Europe’s quest for greater autonomy in the area of defence and security has two closely interlinked but nevertheless distinct dimensions: one is the autonomous capacity to launch and sustain military operations, the other is defence-related technological and industrial sovereignty.
Through the second half of the 20th century, the existential threat posed by the Soviet Union effectively precluded any discussions in Western Europe about the need for a defence identity separate from that of its North American allies. It was well over a decade after the implosion of the Soviet empire that the US invasion of Iraq made many Europeans ask for the very first time whether they could always rely on the Americans to do the right thing on the global scene. With Obama’s ‘pivot to Asia’, and even more acutely after Donald Trump’s NATO-sceptical statements, Europe started to realise that it may indeed be confronted with a crisis at its doorstep if the Americans happen to be disinterested or occupied elsewhere.
While many European countries had sizeable and quite capable military forces, it was nonetheless apparent that there were critical collective shortfalls regarding certain key high-end capabilities needed to successfully run and sustain complex out-of-area operations in the 21st century. Having to rely on external partners for key enablers was rightly perceived as a limitation on Europe’s ability to act autonomously.
Capability gaps can be addressed in two ways. A short-term answer is to look for the missing technologies or pieces of equipment on the global market. However, this solution does not address a potential long-term problem of unhealthy dependencies on third countries regarding strategic technologies.
Over the past years, the European Union has been remarkably successful in launching initiatives to consolidate its previously fragmented defence industrial landscape and link the business interests of producers more closely with the capability requirements of the member states’ militaries. But besides serving the capability needs of the bloc’s member states, European defence industries also need to stay competitive in the global arena, which requires sufficient and sustained investment in R&D as well as fair market access vis-à-vis, for example, the US.

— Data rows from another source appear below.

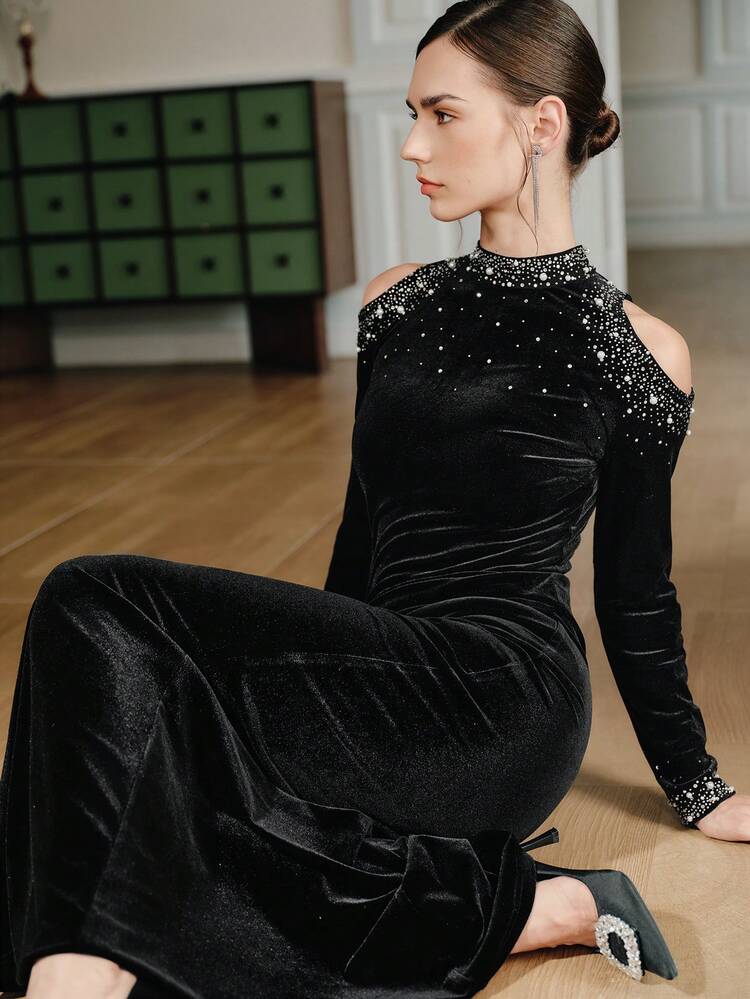 Women's Elegant High-End Long Sleeve Street Style Winter Rhinestone Embellished Velvet Dress, Suitable For Fall, Winter, New Year, Party, Wedding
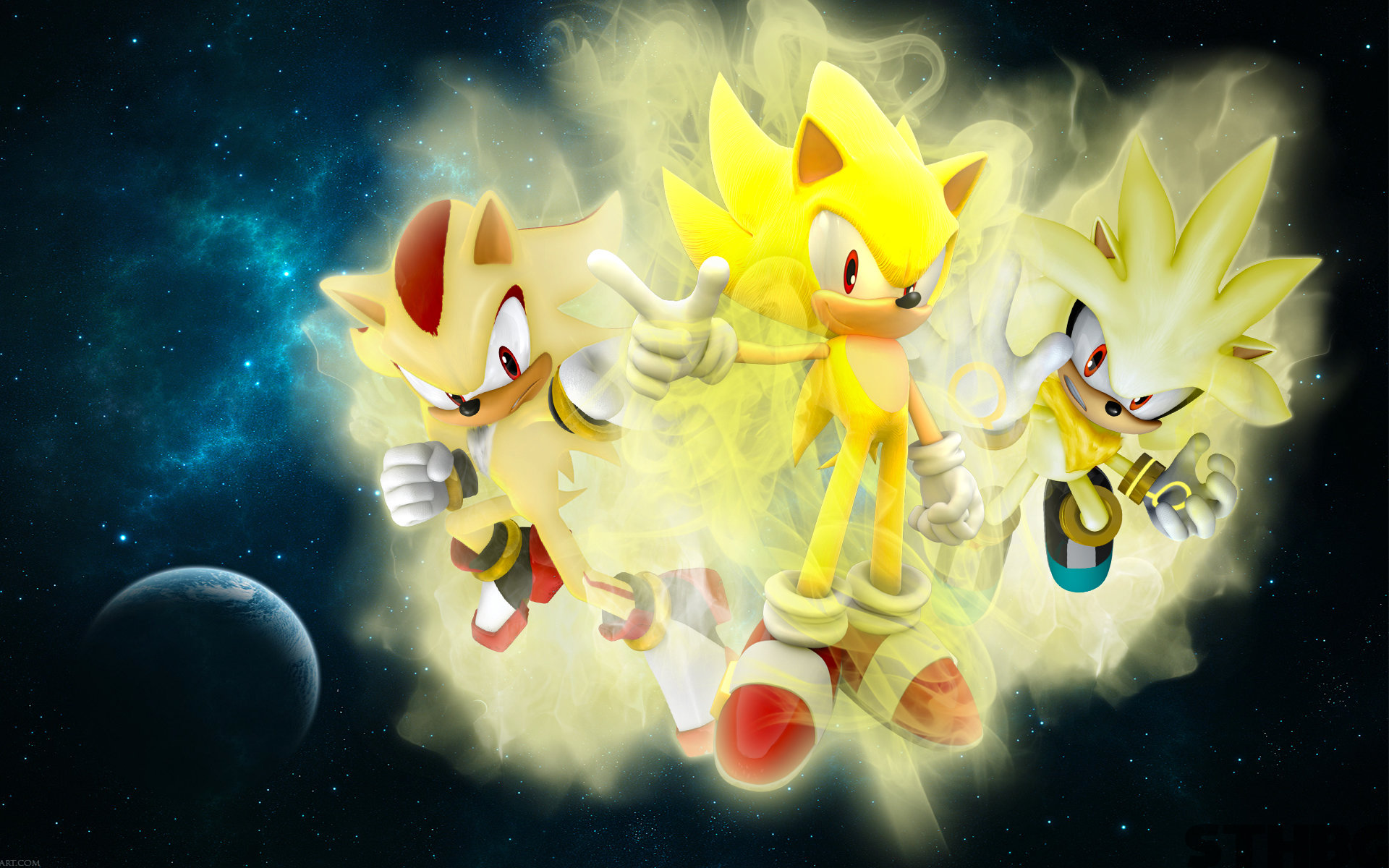 Download hd 1920x1200 Super Sonic desktop background ID:52023 for free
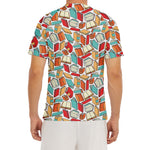 Colorful Books Pattern Print Men's Short Sleeve Rash Guard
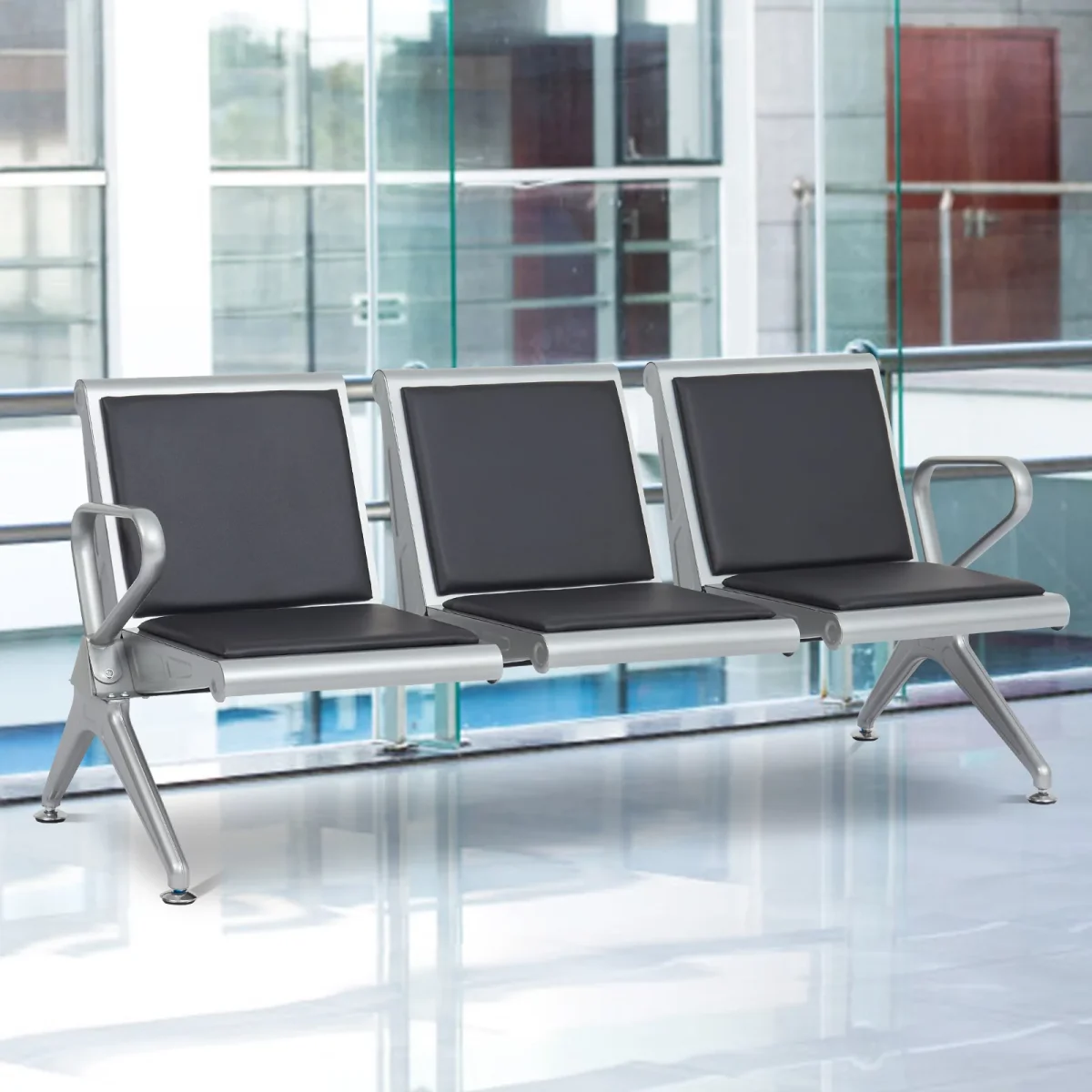 Heavy-duty three link waiting bench - Image 4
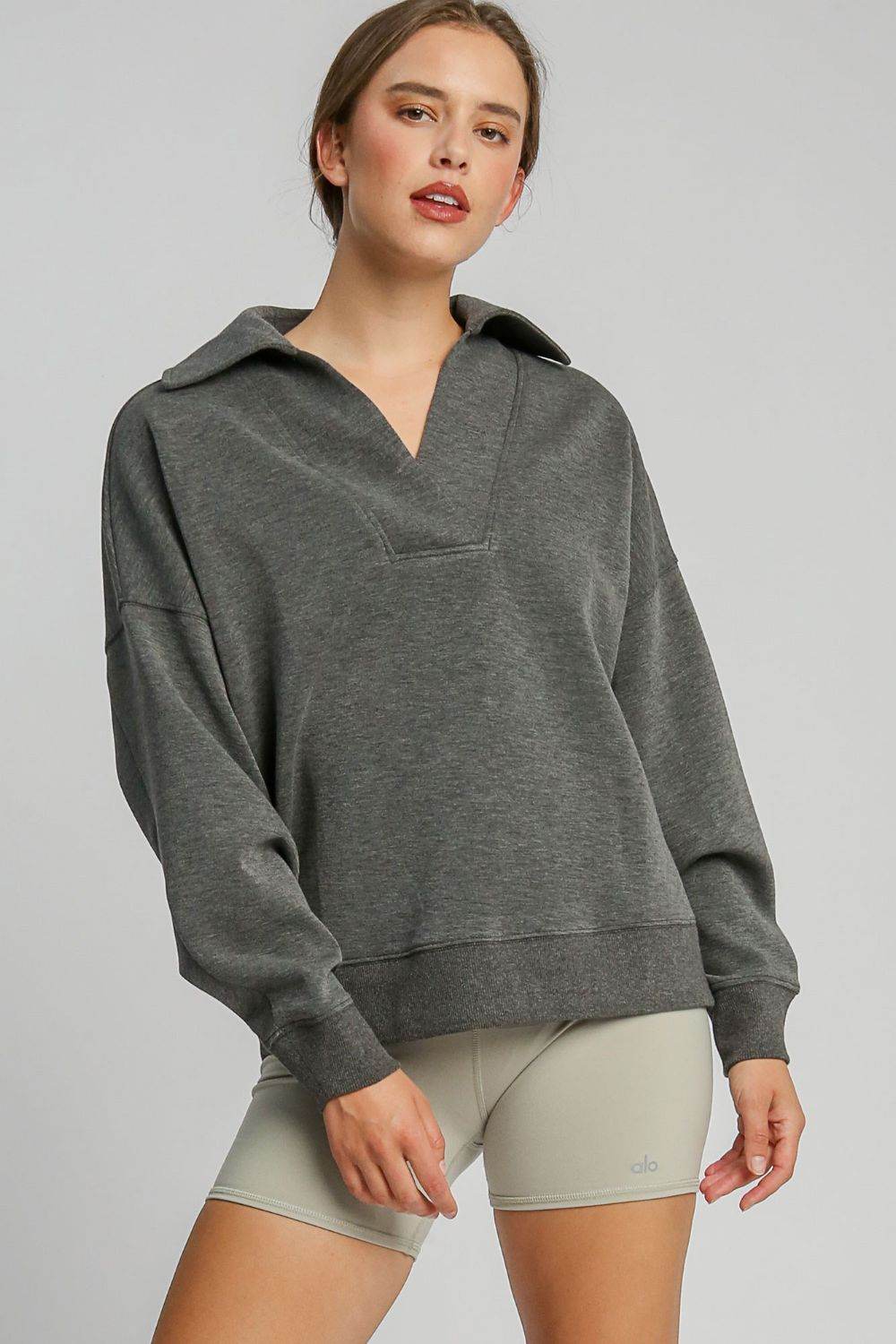 Umgee Johnny Collar Dropped Shoulder Sweatshirt - Charcoal us.meeeshop - Shirts & Tops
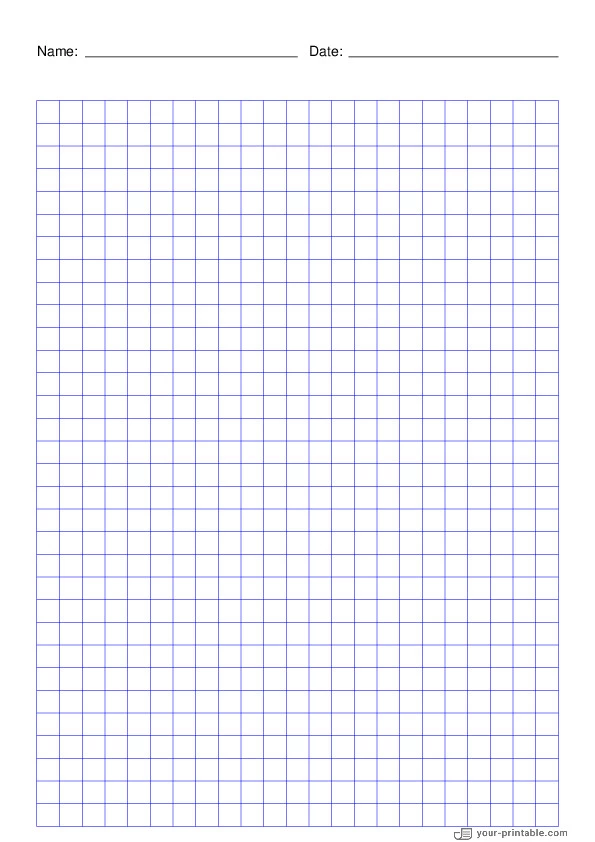 Papel Cuadriculado azul 8 mm Con Nombre y Fecha - 10071883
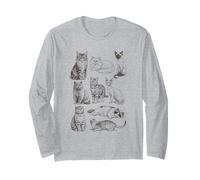 Collection d'art de Croquis félins de Races de Chats Vintage Manche Longue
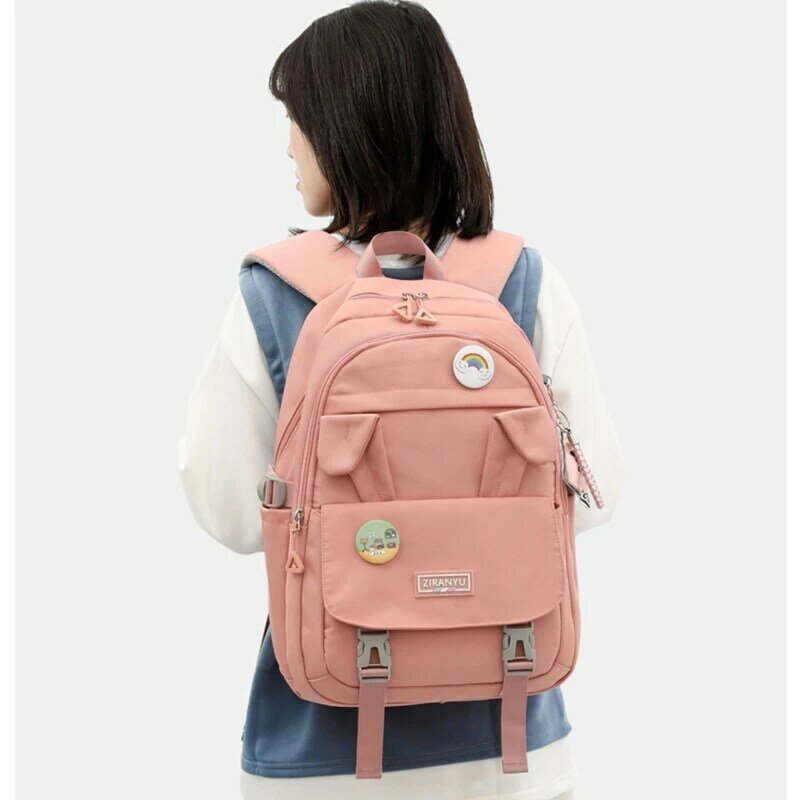School Bookbag Rabbit Ears Backpack for Teen Girls Large Capacity Schoolbag Student Daypack Female Book Bags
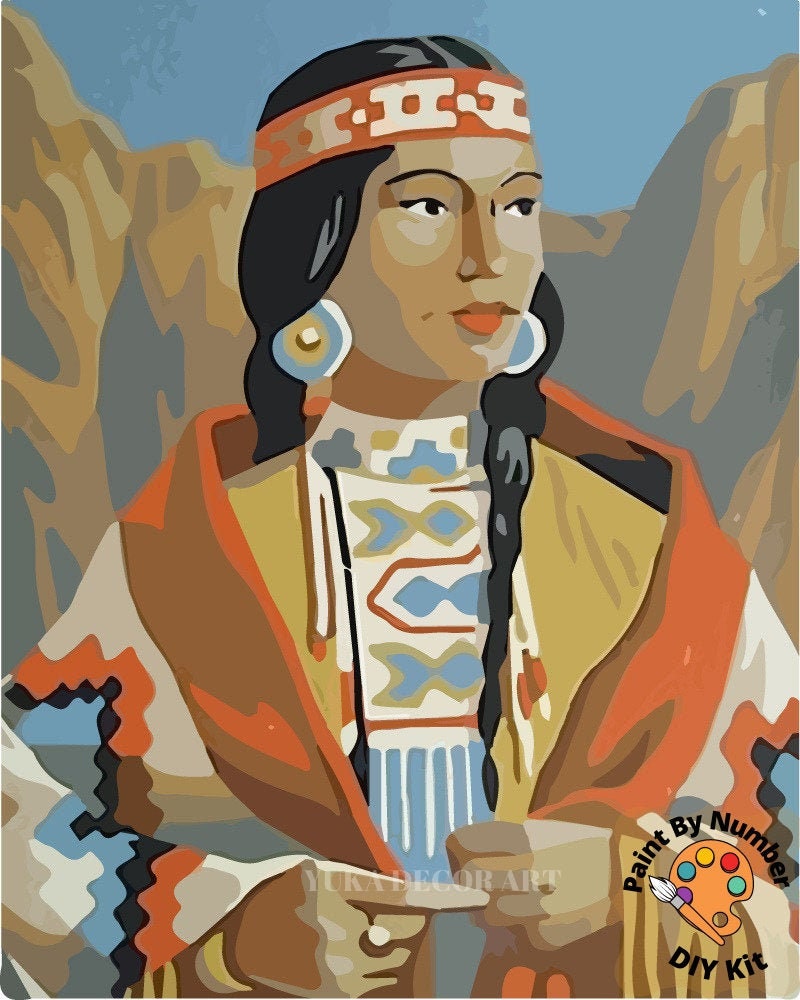PAINT by NUMBER Vintage Style Kit for Adult , Native American Vintage Style Art , Easy Acrylic Paint Kit,Wall Art Gift
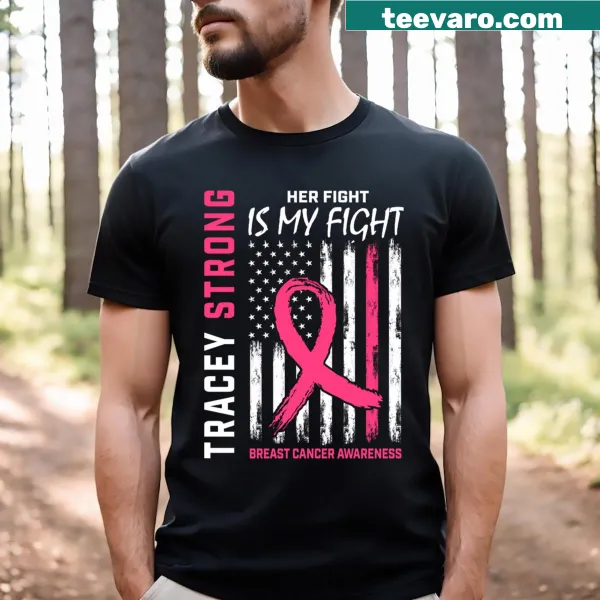 Personalized Breast Cancer Awareness t-shirt featuring the name Tracey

Reliance on the US regarding critical enablers is by no means the only factor that has inhibited Europe’s ability for autonomous military action. From the Syrian civil war to the conflict in Nagorno-Karabakh to the messy extraction of international forces from Afghanistan, observers have been lamenting that Europe is nowhere to be seen or heard and that our continent is punching way below its actual weight in the international security arena. The answer promoted by many is the creation of a European rapid reaction capability or even something that might one day be called a European army.
However, before getting overly excited about the idea, there is a need for honest answers to a few questions that go beyond the size, shape and organisational setup of the force, or even the legal framework under which it would operate.
A critical question is this: is the EU prevented from responding more decisively to unfolding crises by the lack of a common European rapid reaction capability, or does the absence of such a capability reflect Europeans’ innate reluctance to get entangled in external military adventures in the first place?
It is worth bearing in mind that putting together a multinational response force that would allow the EU to respond swiftly and decisively to flare-ups in faraway corners of the globe is a costly enterprise. It only makes sense to make such a significant investment if there is sufficient political will and readiness to use it, and if adequately quick decision-making procedures are also in place.
There are additional limits to the lofty ideas about a ‘European Army’. All of the EU member states’ militaries today operate on the principle of a single set of forces. The decision to deploy a country’s servicemen and women to fight – and potentially die – is a critical attribute of national sovereignty. It is hard to see how any member state would agree to hand this right over to an EU institution. It is not by accident that even in NATO, where the decision to deploy forces is taken by consensus, the force generation process happens by voluntary national contributions.
The emergence of a more autonomous Europe in the area of defence and security is not going to happen overnight or by a single political decision, and it must follow an evolutionary rather than revolutionary path. The need for the EU’s technological sovereignty is today felt acutely in all member states as well as in the EU institutions. And it goes far beyond the realm of defence and security. The perceived urgency of the issue is compounded by the fast-growing threat that non-democratic global powers, such as China, may achieve hegemony in strategic areas of technological development.
What the EU needs to do to emerge as a more capable and more autonomous player on the global security scene is, first of all, substantially increase its investment in defence. This means larger defence budgets in the member states and more money for the European Defence Fund and projects such as the military mobility initiative. The shock caused by Putin’s invasion of Ukraine has made many EU capitals fundamentally reassess their previous stance on defence and security. If the toughening of posture proves sustainable, it will undoubtedly lead to a stronger, more visible and more assertive European Union, even without creating a European Army or introducing qualified majority decision making to the bloc’s security policy.
Inevitably, European strategic autonomy will never be without limits. Its scope must be clearly defined by a commonly agreed level of ambition which, in its turn, will have to be derived from a common – or at least harmonised – threat assessment. Over time, such a shared threat assessment can lead to a common strategic culture. But in a world where autocrats like Vladimir Putin continue to pose a threat not just to individual European countries’ territorial integrity but to liberal democracy and to the rules-based order globally, the maxim ‘on our own when we must, but with allies whenever we can’ remains as relevant as ever.